[Supplied information]:
● ● ●

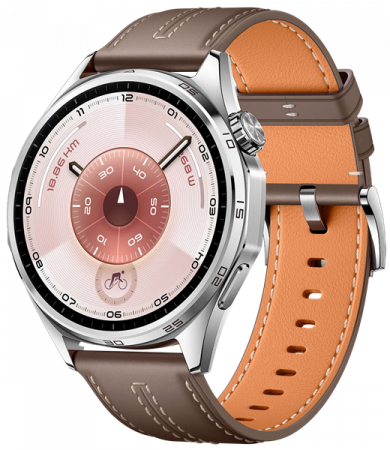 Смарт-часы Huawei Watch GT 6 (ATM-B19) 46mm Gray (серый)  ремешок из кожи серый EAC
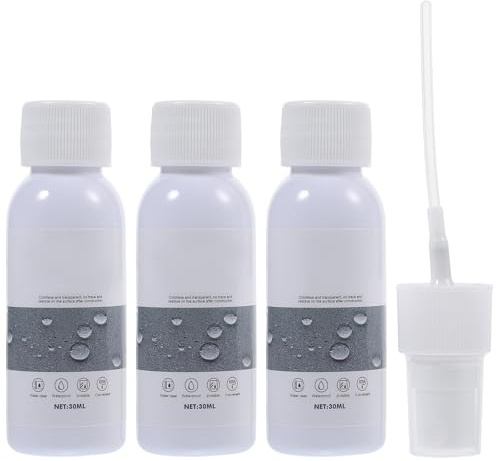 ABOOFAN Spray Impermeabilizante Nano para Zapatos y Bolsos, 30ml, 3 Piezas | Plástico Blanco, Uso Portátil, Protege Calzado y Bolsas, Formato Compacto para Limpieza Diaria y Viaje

● ● ●

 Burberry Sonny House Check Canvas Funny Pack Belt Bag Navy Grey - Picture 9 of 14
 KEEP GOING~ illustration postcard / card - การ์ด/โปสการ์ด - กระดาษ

● ● ●

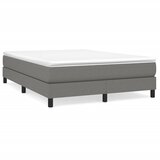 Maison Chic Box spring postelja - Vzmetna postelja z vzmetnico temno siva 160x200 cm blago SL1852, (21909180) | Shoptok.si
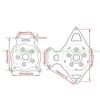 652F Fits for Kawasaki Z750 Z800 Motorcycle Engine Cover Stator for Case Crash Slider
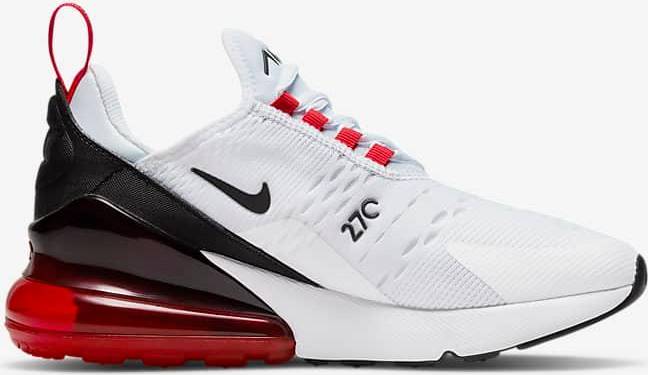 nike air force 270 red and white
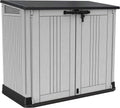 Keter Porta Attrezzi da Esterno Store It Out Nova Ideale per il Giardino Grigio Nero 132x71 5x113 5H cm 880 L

● ● ●

[Task requirements]:
Your reply is to repeat, unchanged, the lines above running from the one with "Burberry Sonny House" up to and including the one with "KEEP GOING~ illustration".

[The completed task]:
 Burberry Sonny House Check Canvas Funny Pack Belt Bag Navy Grey - Picture 9 of 14
 KEEP GOING~ illustration postcard / card - การ์ด/โปสการ์ด - กระดาษ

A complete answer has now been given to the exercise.